Would you please output, word for word, the span of the listing below that opens on the line containing "Фото марки Германская оккупация Польши **" and closes on the line containing "Kasper No Collar Blazer"? Include both ends and nothing more.

*** Input data

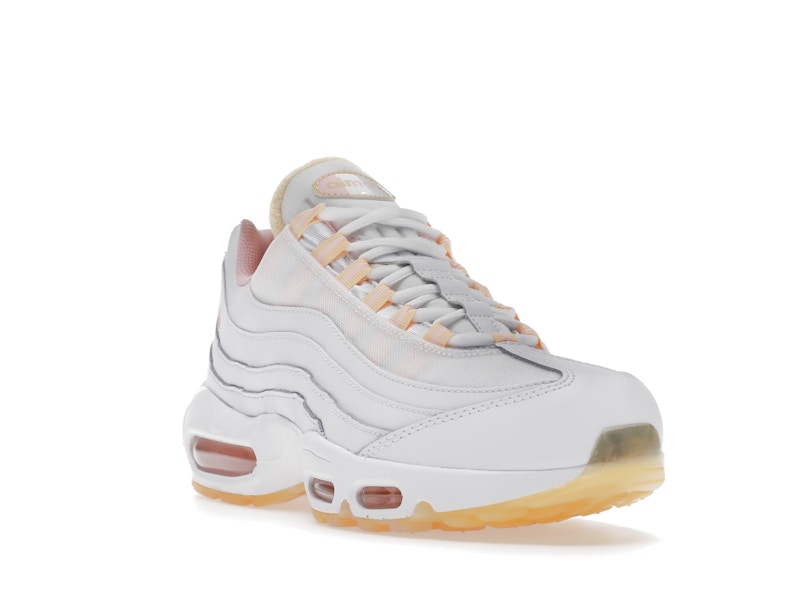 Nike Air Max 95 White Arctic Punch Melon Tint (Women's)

******
*** Input data

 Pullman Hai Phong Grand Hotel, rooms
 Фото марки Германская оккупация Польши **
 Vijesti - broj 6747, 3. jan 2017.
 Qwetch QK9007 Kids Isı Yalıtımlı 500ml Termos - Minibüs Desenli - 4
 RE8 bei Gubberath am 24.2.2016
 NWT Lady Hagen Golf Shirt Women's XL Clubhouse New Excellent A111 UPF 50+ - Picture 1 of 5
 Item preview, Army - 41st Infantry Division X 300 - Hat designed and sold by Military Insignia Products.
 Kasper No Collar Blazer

******

* Solution to this exercise
 Фото марки Германская оккупация Польши **
 Vijesti - broj 6747, 3. jan 2017.
 Qwetch QK9007 Kids Isı Yalıtımlı 500ml Termos - Minibüs Desenli - 4
 RE8 bei Gubberath am 24.2.2016
 NWT Lady Hagen Golf Shirt Women's XL Clubhouse New Excellent A111 UPF 50+ - Picture 1 of 5
 Item preview, Army - 41st Infantry Division X 300 - Hat designed and sold by Military Insignia Products.
 Kasper No Collar Blazer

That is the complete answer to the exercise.